I mean eerily empty.
It was a 20-story building and we saw no one but the hotel staff. The elevators, halls and rooms were empty. It was like all of those zombie apocalypse movies, and all I had for protection was a pocket knife and rolling suitcase.
“This is Xining,” Stone explained. “Foreigners never come here.”
“Then why build a hotel like this?” I asked.
“The government said to,” Stone answered.
Yikes, this place would have been bankrupt in America.
“Let’s get some lunch and I’ll show you around,” Stone said.
Just around the block from the hotel we walked into a tiny noodle restaurant. All of the servers giggled and stared as they served us. We took pictures with the entire staff of the restaurant.
Stone was right, foreigners don’t get out to these parts much.
The noodles were good, wheat, not rice like those of eastern China. And SPICY. As a Texan I am used to spicy food, but the particular spice used in this part of China had an interesting effect on me in that I ended up burping the taste of spicy noodles back throughout the rest of the afternoon.
Car ride, burp, spicy. Drink some tea, burp, spicy.
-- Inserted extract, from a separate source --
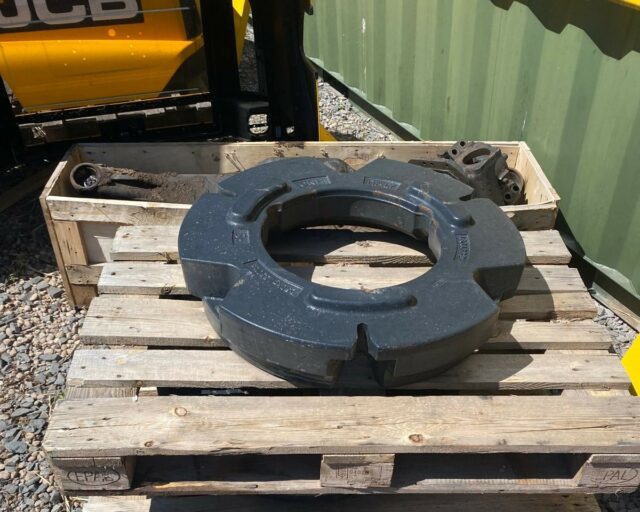 NEW HOLLAND 250KG WHEEL WEIGHTS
Stone then took us to an open air market. It was kind of like open markets I had seen in Afghanistan, only cleaner. There were tables of meat laid out, fresh produce, spices and berries. But what drew most of my attention was the number of fish, half of them swimming, the other half floating belly up. There were tilapia, bass, carp, eels and all manner of creepy crawlies just sitting in tanks lining the walls. All looked like they had taken a beating from being shipped inland.
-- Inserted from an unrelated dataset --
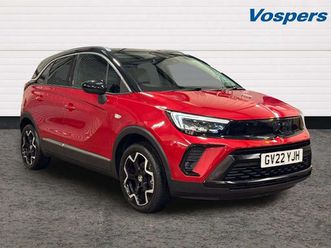 vauxhall crossland 1.2 turbo [130] ultimate 5dr auto suv 2022, 9691 miles, £14209 - 33055247 - exchangeandmart.co.uk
Note to self: Skip on local seafood.
After our tour of the neighborhood, we went back to the hotel. Not only was our hotel empty, it was hotter than the surface of the sun. It seems that once Chinese central air is turned on, it never stops.
Fortunately, we were able to open some windows and cool the place down, but until the temperature dropped, I spent a good deal of that afternoon next to the window sucking in fresh, cool air … and burping spicy stuff.
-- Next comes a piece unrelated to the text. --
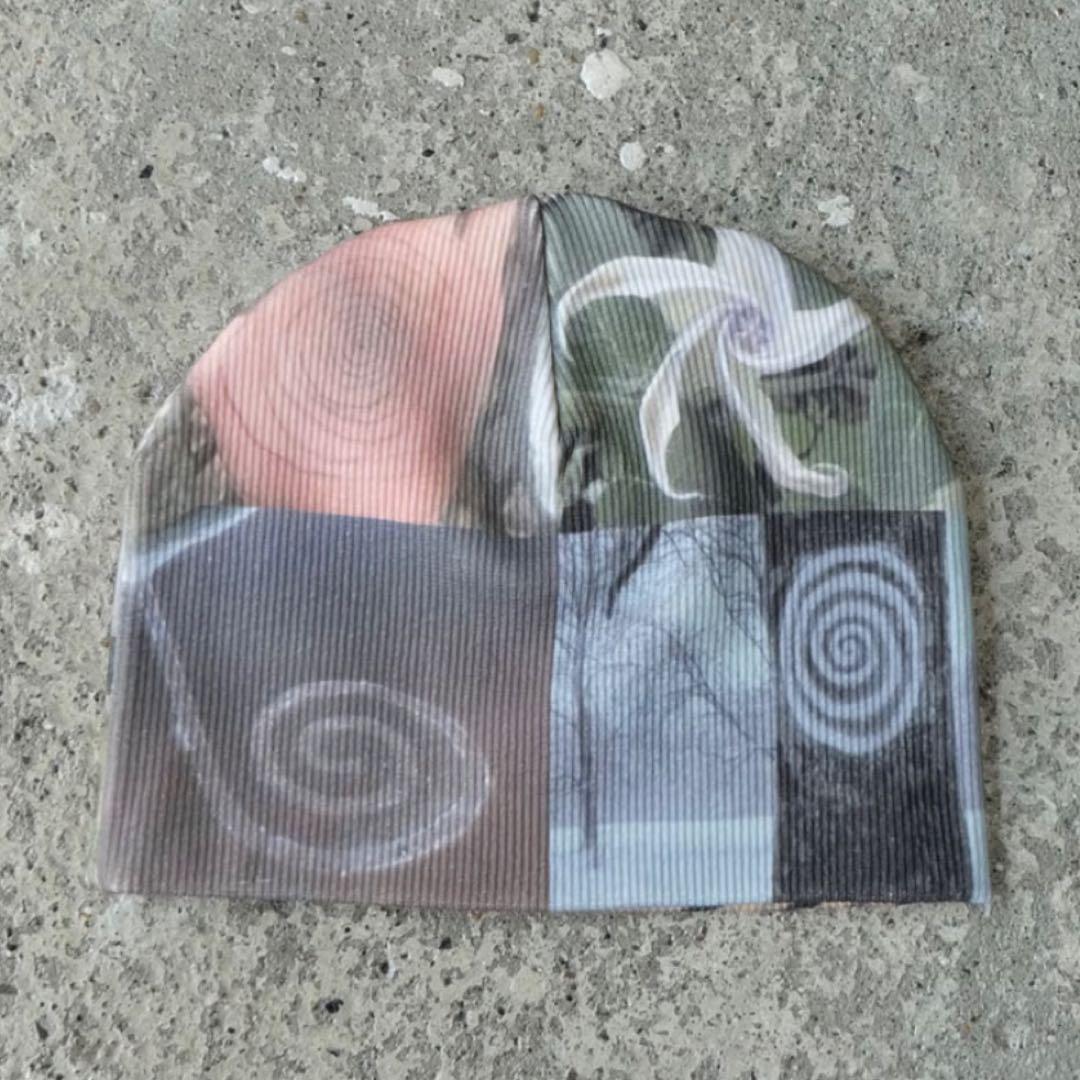 shury Labyrins picture beanie ビーニー ニット帽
Liz was particularly amused by the Chinese hotel bathroom design. Unlike our prudish Western designs, the Chinese leave a big, clear glass on the bathroom. It left a clear line of sight to the shower and toilet. I applauded the forward thinking, risqué design. Liz lowered the large curtain on the window.
Oh well, I guess not everyone is as progressive as me.
We retired that night, excited to go get our son Jason the following morning. But at 10 p.m., a knock came at the door.
I was amazed to find one of the Chinese bellmen standing in the hall with my suitcase. What efficiency.
“Thank you, xie xie,” I said, handing him a couple of bills ... burp, spicy.